Si fa sempre più forte il sospetto che qualcuno – sicuramente più d’uno – stia sabotando la faticosa ricerca della verità sull’omicidio di Daphne Caruana Galizia.
Uno dei tanti interrogativi senza risposta porta la firma del deputato Glenn Bedingfield: in Parlamento l’esponente del partito laburista è intervenuto dopo che un tribunale ha respinto la richiesta degli avvocati del presunto mandante Yorgen Fenech di presentare come prove due laptop e tre hard disk della giornalista assassinata nell’ottobre del 2017. Il tribunale ha dichiarato che i dispositivi non erano in possesso della polizia e quindi era materialmente impossibile portarli in aula per esaminarli.
Dunque, gli strumenti di lavoro di Daphne – due computer portatili e tre “memorie” elettroniche – sono “spariti” nonostante potessero rappresentare – a prescindere da Fenech – un elemento decisivo per capire a cosa stesse lavorando la cronista prima di essere ammazzata.
Secondo Bedingfield dovrebbero essere intraprese azioni contro coloro che hanno manomesso le prove o non le hanno cercate, oppure ne hanno ordinato la distruzione. A quanto pare, infatti, il materiale è stato distrutto, non si è capito ancora su ordine di chi e – soprattutto – perché.
Laptop e hard disk non esistono più, furono spediti in Germania per essere analizzati, ma successivamente da Malta nessuno ha mai avanzato alle autorità tedesche una richiesta per riaverli indietro e utilizzarli per le indagini.
«Perché è successo? – si è chiesto il deputato laburista -Tante cose erano state dette sul processo. Tanto era stato detto sul contenuto di chat e documenti, eppure questa vicenda era stata sempre nascosta. Nell’interesse di chi? Certamente non nell’interesse della giustizia».
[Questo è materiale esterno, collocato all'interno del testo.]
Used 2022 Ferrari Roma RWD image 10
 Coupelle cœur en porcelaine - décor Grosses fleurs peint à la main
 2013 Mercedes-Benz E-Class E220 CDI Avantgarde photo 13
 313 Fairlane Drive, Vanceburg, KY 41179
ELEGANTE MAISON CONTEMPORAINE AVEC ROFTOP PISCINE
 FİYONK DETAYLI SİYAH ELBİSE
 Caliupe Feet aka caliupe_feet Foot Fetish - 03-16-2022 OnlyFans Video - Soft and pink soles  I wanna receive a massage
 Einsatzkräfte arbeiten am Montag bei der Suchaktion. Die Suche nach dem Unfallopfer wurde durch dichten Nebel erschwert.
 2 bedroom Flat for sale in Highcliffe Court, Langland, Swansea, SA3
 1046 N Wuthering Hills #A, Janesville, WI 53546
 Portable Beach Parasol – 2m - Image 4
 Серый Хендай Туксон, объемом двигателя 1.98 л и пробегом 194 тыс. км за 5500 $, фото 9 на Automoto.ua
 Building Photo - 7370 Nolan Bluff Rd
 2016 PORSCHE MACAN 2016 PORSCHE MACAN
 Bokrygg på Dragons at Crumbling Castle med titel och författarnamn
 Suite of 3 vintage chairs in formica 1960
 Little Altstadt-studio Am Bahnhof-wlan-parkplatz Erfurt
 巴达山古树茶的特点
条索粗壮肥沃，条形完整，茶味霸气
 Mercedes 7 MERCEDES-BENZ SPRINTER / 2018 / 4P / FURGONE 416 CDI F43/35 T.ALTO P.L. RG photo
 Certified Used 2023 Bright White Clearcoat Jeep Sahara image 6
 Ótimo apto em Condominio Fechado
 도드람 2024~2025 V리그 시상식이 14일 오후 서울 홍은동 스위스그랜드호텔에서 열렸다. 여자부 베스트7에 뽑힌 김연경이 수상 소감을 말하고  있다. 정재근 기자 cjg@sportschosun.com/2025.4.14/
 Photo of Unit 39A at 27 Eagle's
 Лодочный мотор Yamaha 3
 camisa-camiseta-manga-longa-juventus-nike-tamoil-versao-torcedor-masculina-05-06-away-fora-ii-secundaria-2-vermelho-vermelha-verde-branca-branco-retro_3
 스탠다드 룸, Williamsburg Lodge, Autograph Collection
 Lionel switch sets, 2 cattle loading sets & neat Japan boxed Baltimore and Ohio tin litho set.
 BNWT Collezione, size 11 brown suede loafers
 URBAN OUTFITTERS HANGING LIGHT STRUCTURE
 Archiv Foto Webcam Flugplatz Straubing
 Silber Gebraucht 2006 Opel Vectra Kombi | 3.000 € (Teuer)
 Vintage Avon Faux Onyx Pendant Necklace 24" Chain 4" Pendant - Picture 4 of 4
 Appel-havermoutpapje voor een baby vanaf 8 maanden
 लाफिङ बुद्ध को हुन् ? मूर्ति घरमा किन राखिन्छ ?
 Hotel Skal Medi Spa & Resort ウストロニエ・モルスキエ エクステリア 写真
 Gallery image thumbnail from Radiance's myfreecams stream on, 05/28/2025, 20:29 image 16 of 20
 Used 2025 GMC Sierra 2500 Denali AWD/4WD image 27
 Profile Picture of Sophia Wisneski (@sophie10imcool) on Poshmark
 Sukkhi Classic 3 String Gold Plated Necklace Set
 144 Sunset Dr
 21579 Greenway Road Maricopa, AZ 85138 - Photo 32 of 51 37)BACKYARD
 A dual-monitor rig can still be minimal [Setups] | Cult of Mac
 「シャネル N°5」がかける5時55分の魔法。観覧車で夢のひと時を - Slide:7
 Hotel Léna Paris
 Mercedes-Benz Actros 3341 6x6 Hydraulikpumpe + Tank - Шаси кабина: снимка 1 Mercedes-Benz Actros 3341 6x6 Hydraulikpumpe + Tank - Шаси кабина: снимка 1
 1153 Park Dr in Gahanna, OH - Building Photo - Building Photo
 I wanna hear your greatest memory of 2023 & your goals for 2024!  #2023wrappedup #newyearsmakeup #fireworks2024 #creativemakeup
Bedingfield ha anche difeso il governo, sostenendo che l’attuale esecutivo ha fatto il possibile per arrivare alla verità: «Il governo ha lavorato affinché si facesse giustizia sulla base di fatti concreti, non ricorrendo a semplici parole e slogan. Coloro che hanno manomesso le prove dovrebbero rispondere delle loro azioni perché tutti dovrebbero essere uguali davanti alla legge».